Ferreira diz que os fundos mono-ação ainda são uma importante avenida de captação dos bancos, pois acabam chamando a atenção de investidores que são seduzidos apenas pelo rendimento passado.
As três empresas citadas (Vale, Petrobras e Cielo) tiveram uma boa janela de crescimento nos últimos meses. Embora as duas primeiras estejam em um momento desfavorável, em razão da queda dos preços das commodities, a Cielo ainda é a ação de maior valorização em 2022 no Ibovespa.
A questão é o custo de se investir em uma única empresa por meio de um fundo de ação. Os fundos citados cobram taxa de administração entre 0,8% e 1,5%. A maioria das corretoras não cobra taxa de administração para quem aplica diretamente em uma ação.
"Faz sentido pagar um gestor para comprar ações de uma única empresa? Ele pode até montar posições de long e short entre classes diferentes de ações, mas usualmente estamos falando de uma alocação passiva, em que o investidor está pagando taxa de administração para ficar exposto a um papel só", alertou o diretor da ComDinheiro.
Apesar de os bancos abocanharem boa parte das captações dos fundos de ações no ano, gestoras independentes também estão conseguindo conquistar o investidor. No caso da Absolute, cujo fundo ocupa a terceira posição da lista, a estratégia de análise fundamentalista da casa atrai os investidores que veem na crise uma oportunidade de montar posições vendidas e compradas.
"Nosso modelo é o que eu chamo de análise microfundamentalista. Fazemos uma boa avaliação da empresa, dos seus múltiplos e desempenho, e depois usamos o cenário macro para validar a tese. Por exemplo: as projeções do câmbio, que fazem parte do macro, mudam completamente o valuation de um ativo", explicou Christian Faricelli, sócio da Absolute e gestor do fundo de ações da casa.
As principais apostas da casa no último ano foram no setor de commodities, especialmente em celulose e petróleo, estratégia que se mostrou acertada durante o ciclo de alta dos preços.
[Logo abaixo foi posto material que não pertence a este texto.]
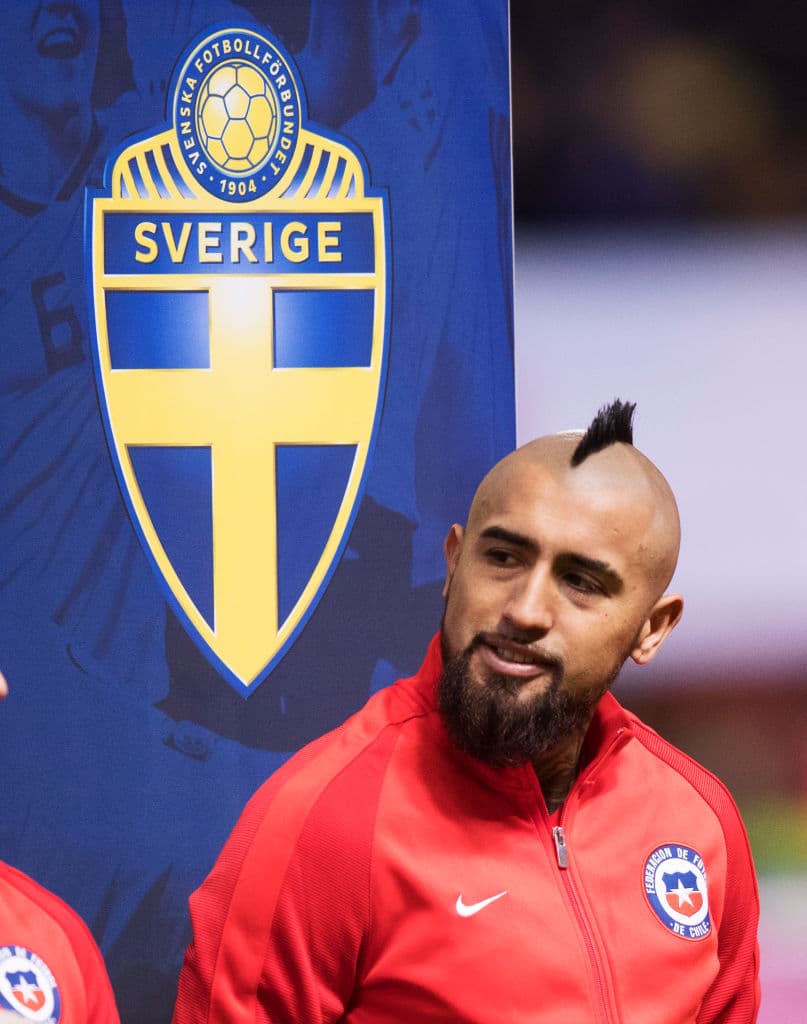 El chileno gana 9 millones de euros anuales, lo paga en 87 minutos.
Além disso, a Absolute montou posição vendida em empresas de tecnologia.
"Ganhamos bastante dinheiro fazendo short de empresas com preços assimétricos e com linhas de negócios que precificavam um futuro muito mais favorável do que o que teremos", disse Faricell.
No segundo semestre, a gestora está se preparando para um cenário mais defensivo. O sócio da Absolute lembrou que os próximos três anos não serão nada parecidos com a última década, quando as bolsas se beneficiaram de uma liquidez global abundante.
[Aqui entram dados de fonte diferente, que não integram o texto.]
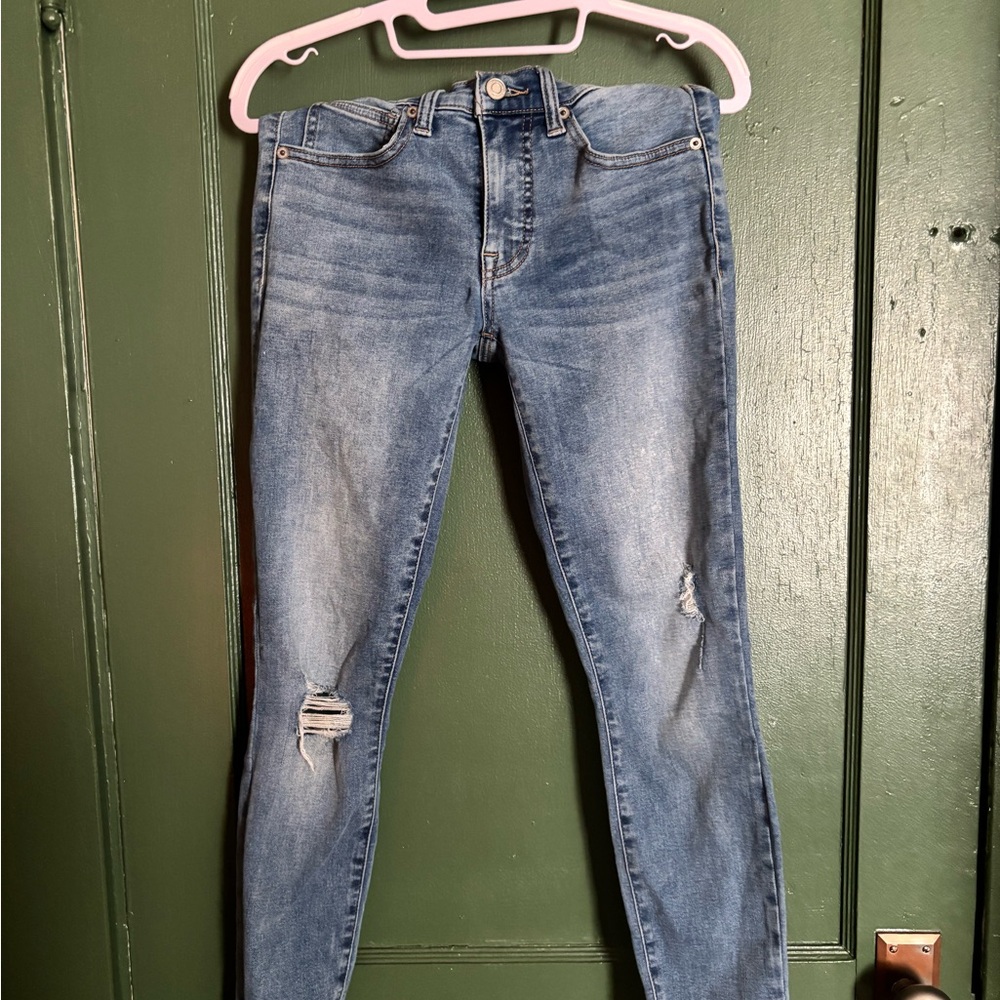 Classic Blue Distressed Women's skinny Jeans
Por outro lado, ele acredita que as cotações atuais já refletem a precificação de um cenário ruim, e que a queda generalizada de ativos já abriu oportunidades para comprar algumas empresas por preços atrativos.
"As principais apostas da carteira são empresas de petróleo e energia elétrica. Energia é um setor que repassa a inflação, por isso sobrevive melhor a crises. Também temos alguma exposição aos bancos, mas sabemos que a piora da economia pode pressionar a inadimplência. Por fim, começamos a olhar para o setor de saúde, que caiu bastante e tem potencial de retomada no longo prazo", sintetizou o gestor da Absolute.